Trump defended his decision Saturday to order the troop withdrawal, tweeting, “Now ISIS is largely defeated and other local countries, including Turkey, should be able to easily take care of whatever remains. We’re coming home!”
The withdrawal decision will fulfill Trump’s goal of bringing troops home from Syria, but military leaders have pushed back for months, arguing that the IS group remains a threat and could regroup in Syria’s long-running civil war. U.S. policy has been to keep troops in place until the extremists are eradicated.
Among officials’ key concerns is that a U.S. pullout will leave U.S.-backed Syrian Democratic Forces vulnerable to attacks by Turkey, the Syrian government and remaining IS fighters.
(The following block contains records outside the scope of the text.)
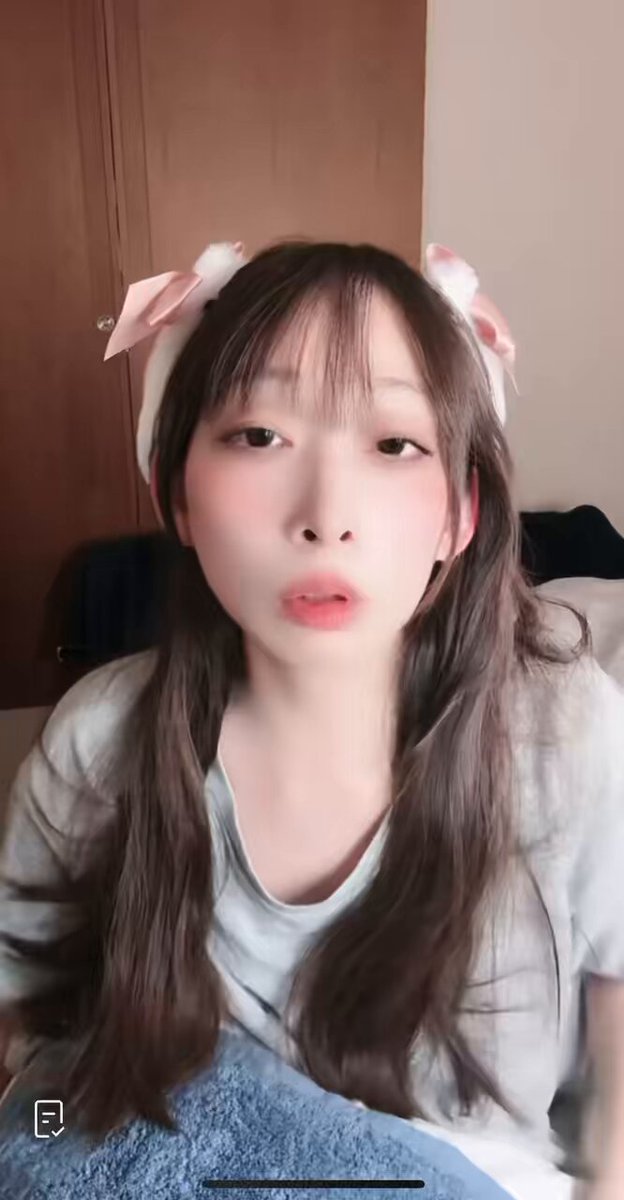 lnjjh9eshjv-ss-l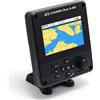DIGITAL YACHT CLA2000 Transponder AIS Classe A Cod.ZDIGCLA2000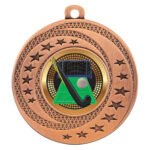 Wayfare Medal - Hockey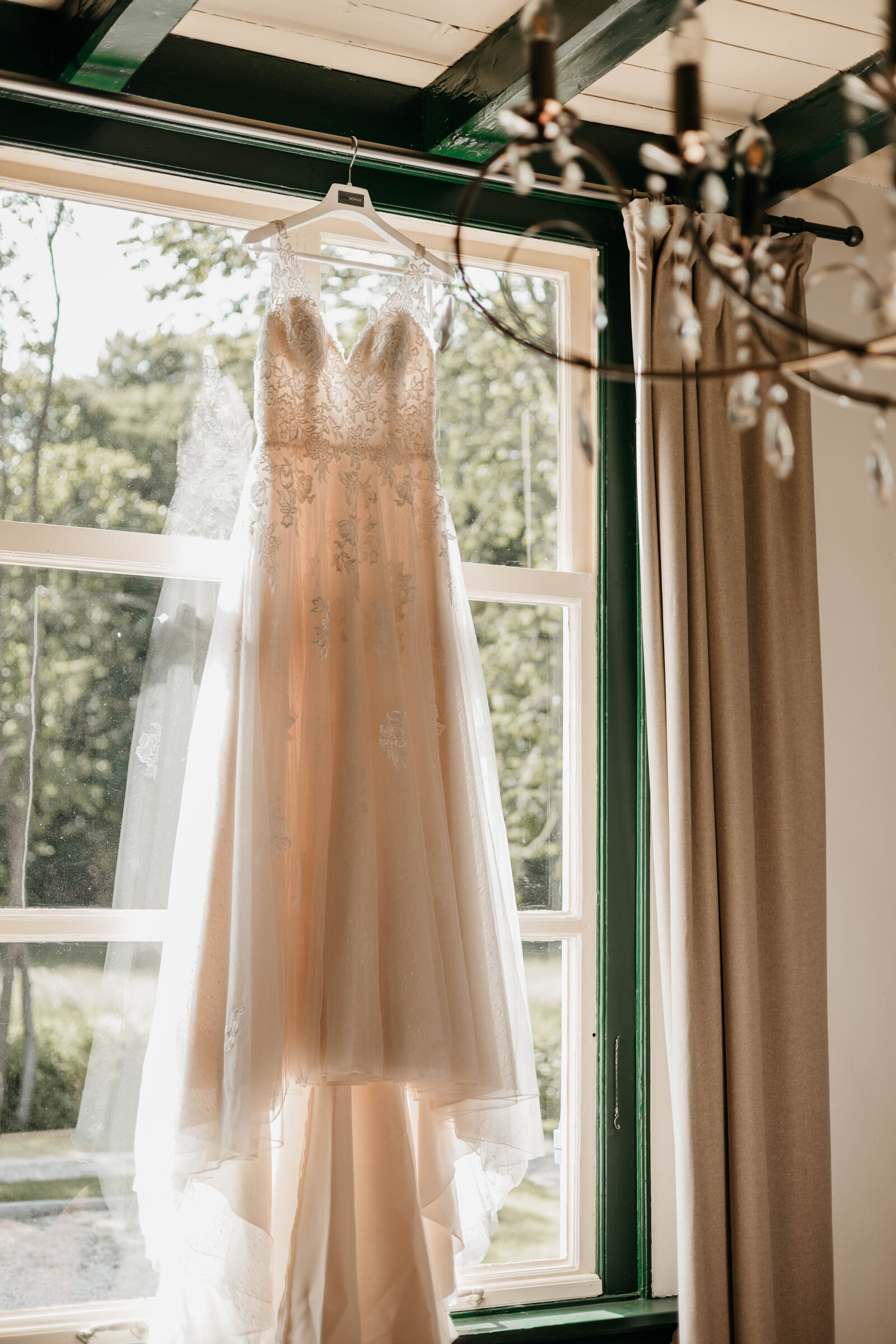 Anouk Wolterink Fotografie-34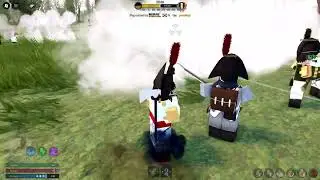 [29º] deathstack de weones NCO battle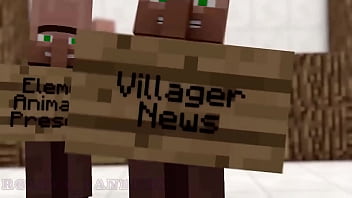 Wiesniakomosci pl dub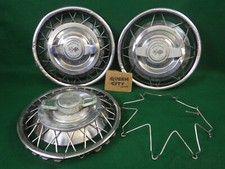 Chevrolet corvair wire for sale  Amelia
The SDF, a Kurdish-led force, is America’s only military partner in Syria
A second official said McGurk on Friday was pushing for the U.S. to allow the SDF to reach out to troops allied with Syrian President Bashar Assad’s government for protection. McGurk argued that America had a moral obligation to help prevent the allied fighters from being slaughtered by Turkey, which considers the SDF an enemy.
McGurk said at a State Department briefing on Dec. 11 that “it would be reckless if we were just to say, ‘Well, the physical caliphate is defeated, so we can just leave now.’ I think anyone who’s looked at a conflict like this would agree with that.”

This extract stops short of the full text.